地域活性化活動のテーマにしているものは「農業」、「ふるさと創生」、「観光」の3種類です。農業については、すさみ町の橋本明彦・前町長が摂南大学を訪問したときに、学生食堂でカツ丼を食べながら「摂南大学の食堂で大量に消費される野菜がすさみ産だったら良いのに」と思いついたことが、農業プロジェクトのきっかけとなりました。本学を含む常翔学園の生徒・学生・教職員(約18,000人)が利用するすべての学生食堂にすさみ産の野菜を供給することを目指した内容です。「ふるさと創生」と「観光」については、兄弟のような関係にあります。すさみ町は紀伊半島にあり、「紀州」と言われる地域です。「紀州」は、紀州根来寺忍者の出身地ですが、全国的に有名な「伊賀忍者・甲賀忍者の里」のような観光名所はありません。
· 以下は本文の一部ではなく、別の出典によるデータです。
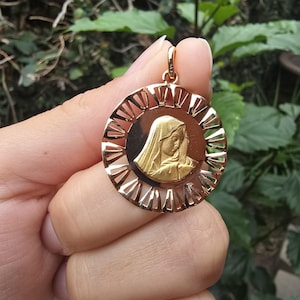 18k Virgin Mary Pendant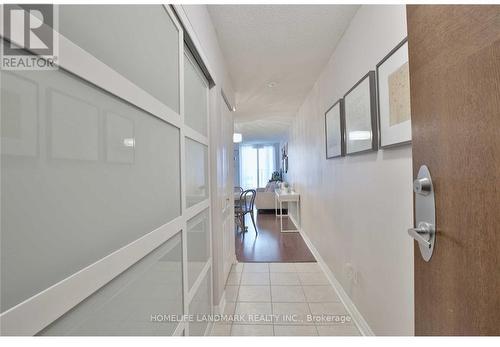 213 - 3 Rean Drive, Toronto, ON - Indoor Photo Showing Other Room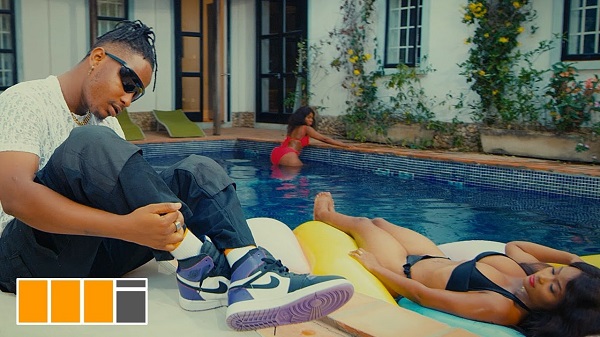 VIDEO: Kelvyn Boy ft. Darkovibes, Mugeez – Momo (Mobile Money)
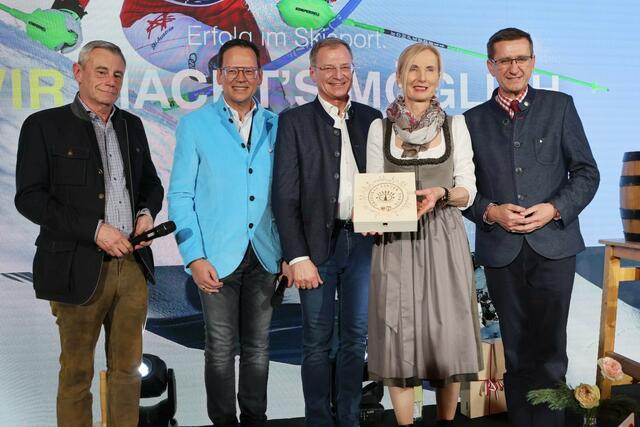 V.l.: Heinrich Schaller, Generaldirektor der Raiffeisen-Landesbank OÖ, Klaus Kumpfmüller, Präsident des OÖ. Landesskiverbandes, Landeshauptmann Thomas Stelzer, Roswitha Stadlober, Präsidentin von Ski Austria, und Wirtschafts- und Sport-Landesrat Markus Achleitner. | Foto: Land OÖ/Maringer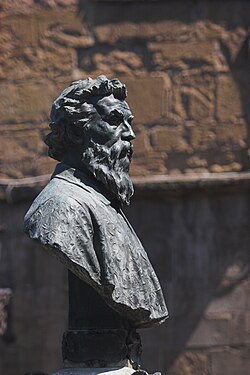 Busto de Benvenuto Cellini esculpido por Raffaello Romanelli en 1901.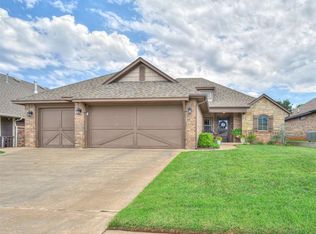 8405 NW 141st Cir, Oklahoma City, OK 73142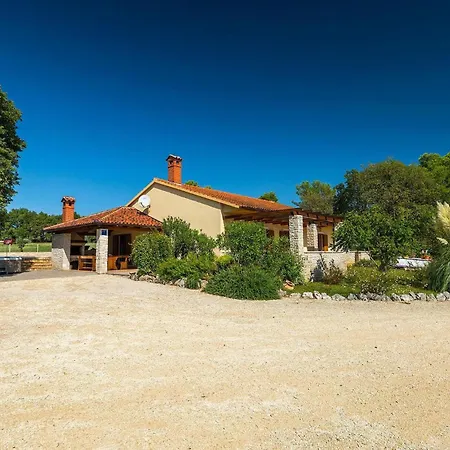 Emanuel Holiday home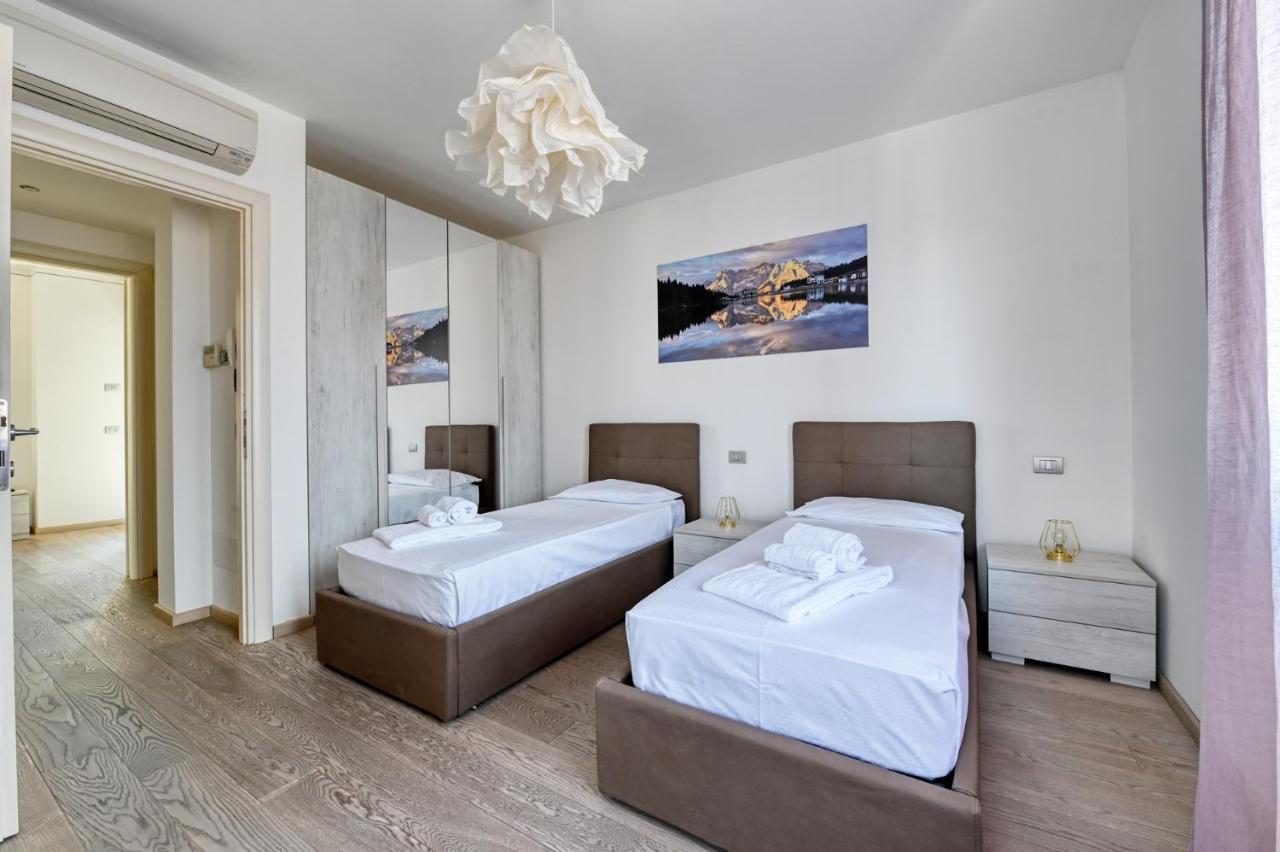 Pearl House - Sirmione Holiday - Jacuzzi Privata エクステリア 写真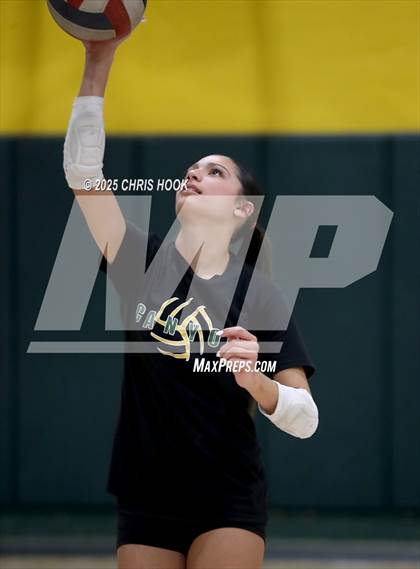 Thumbnail 3 in Mountain View vs Canyon del Oro (5A Conference Play-In) photogallery.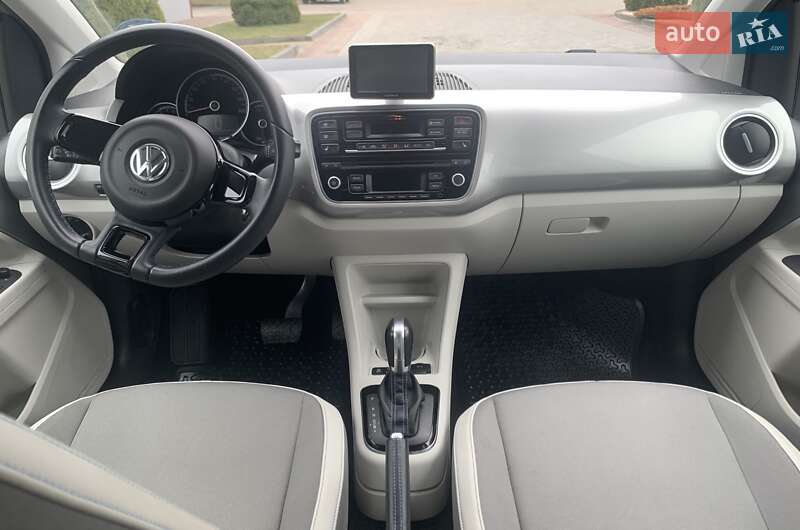 Хетчбек Volkswagen Up 2013 в Городку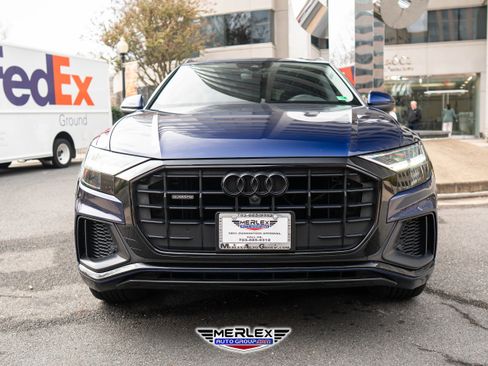 Used 2021 Audi Q8 Premium Plus w/ Premium Plus Package image 2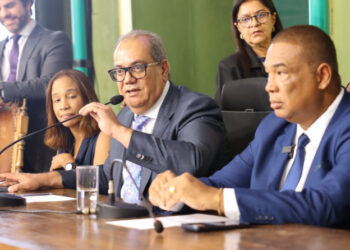Carlos Muniz diz que Colégio de Líderes vai priorizar projetos dos vereadores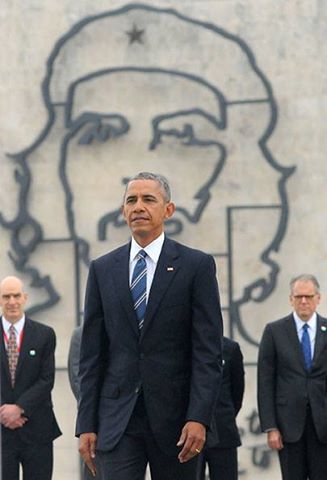 RandyAlonsoFalc's tweet photo. Presidente Obama, desde allá ariba el Che te mira.#ObamaenCuba #CubaVisit Foto Ricardo López Hevia / Granma https://t.co/UuJCOvNK5I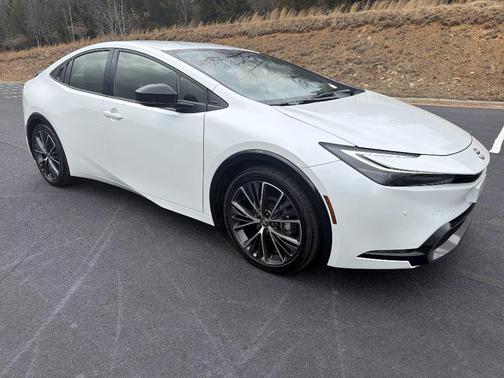 2025 Toyota Prius XLE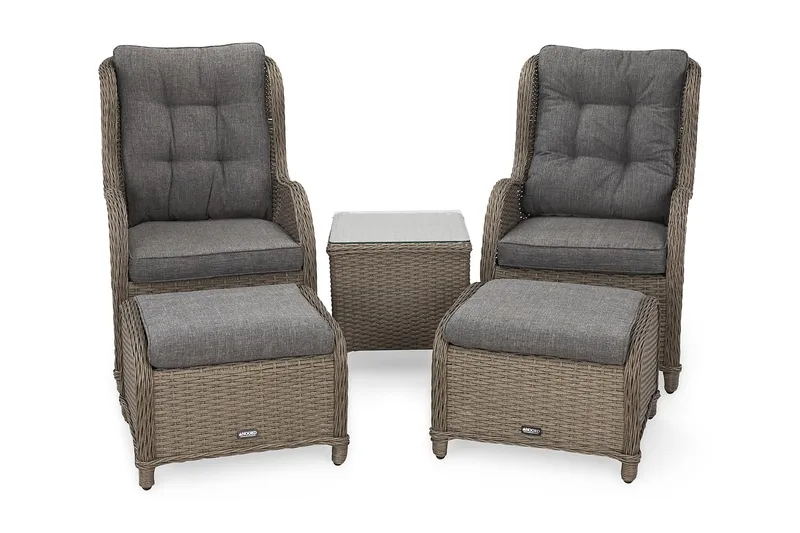 Marcus Cafésett med 2 Ørelapplenestoler m Fotskammel + Pute - Grå - Hagemøbler & utemiljø - Hagegruppe - Cafemøbler & cafesett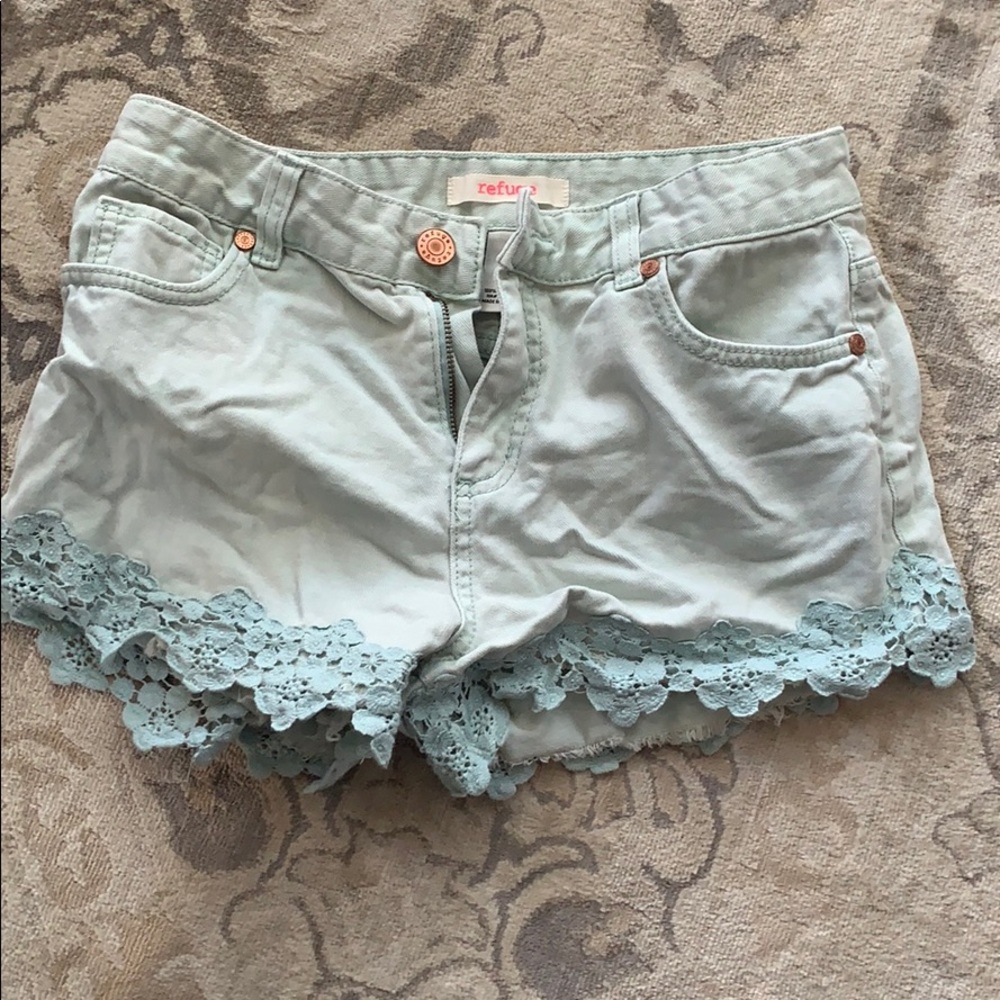 Refuge size 4 light sea foam shorts low rise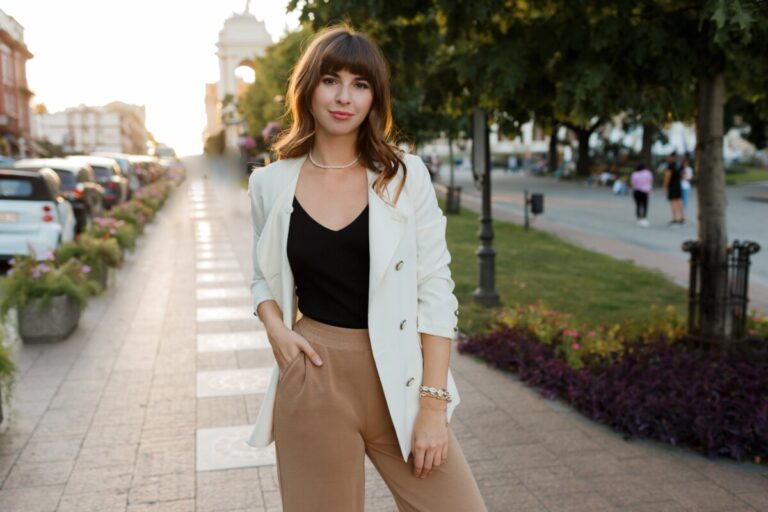 La elegancia de una mujer esta en su forma de comportarse, no en su ropa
すさみ町は、黒潮が流れる海・清らかな清流を持つ川・新鮮な空気を生みだす森林を持った町であり、この大自然を観光資源(グリーンツーリズム)とした自然活動体験学習スポット「忍者学校」を作り、都会の子供たちをターゲットにしました。廃校を利用し紀州根来寺忍者をモチーフにした「青少年の健全な育成と自然活動体験学習・忍者キャンプ」は、従来型の農村交流・民家滞在経験と大きく違い、これまでにない「斬新性と独創性」が、大都会の子供たちのニーズにマッチし大人気のキャンプ(名物イベント)となり4年間連続参加のリピーターも出るようになりました。大阪府から忍者キャンプに参加した人数は、4年間で参加者・学生スタッフを含め延べ約600名に上ります。少子高齢化と限界集落の中山間部に若い人たちの元気な声がこだまして響き渡り、過疎と高齢化問題を抱えるすさみ町に「元気の基を供給する活動」となっています。都会の子供や学生に自然に囲まれた生活や、田舎生活を体験させることで若い頃に味わう「ふるさと」を抱かせています。また、すさみ町の観光イベントである「イノブータン王国建国祭」「ビルフィシュトーナメント」「ケンケン鰹祭り」の運営協力、220年続いた山村の伝統行事「佐本川柱祭り」の復活・伝承、ボランティア活動「なんでもやる隊」、限界集落に住む独居老人宅を訪問する「見守り隊」などを実施しています。すさみ町での活動は、三つのテーマで行っていることから、PBL学生だけで実施するには人数的に不足します。そこで調査・企画・調整・運営・評価などは、PBL学生が行い、イベントの実施については、課外活動クラブのボランティア・スタッフズからの協力を得ています。これらの活動が農林水産省他が主催する2012年度オーライ!ニッポン大賞にノミネートされ審査委員会長賞を受賞しました(図2)。
図2 2012年度オーライ!ニッポン大賞
本学が立地する大阪府寝屋川市からすさみ町まで、貸切の大型バスで片道5時間という距離があります。この距離がPDCAを行うために重要なキーポイントになります。漁業に例えると遠洋漁業のイメージです。港(大学)を出港(出発)して、遠洋(すさみ町)で漁業(活動)するためには、誰が、いつ、何を、どこで、どのような方法で行うかを綿密に計画し、実施するかなど多くの課題とそれを乗り越える手段などPDCAを現実に体験できます。事前に、すさみ町役場、NPO、地域の代表者などとメールや電話などで協議し、参加者の募集、実施に必要な資材の調達、イベントの内容、学生スタッフの人員配置など、会社の中で高度な仕事を実施する能力を身につけていきます。大学のお膝元の地域であれば、近くなので、「なんとかなる」という気の緩みがありますが、片道5時間という距離は、その「なんとかなる」という気の緩みを無くす効果があります。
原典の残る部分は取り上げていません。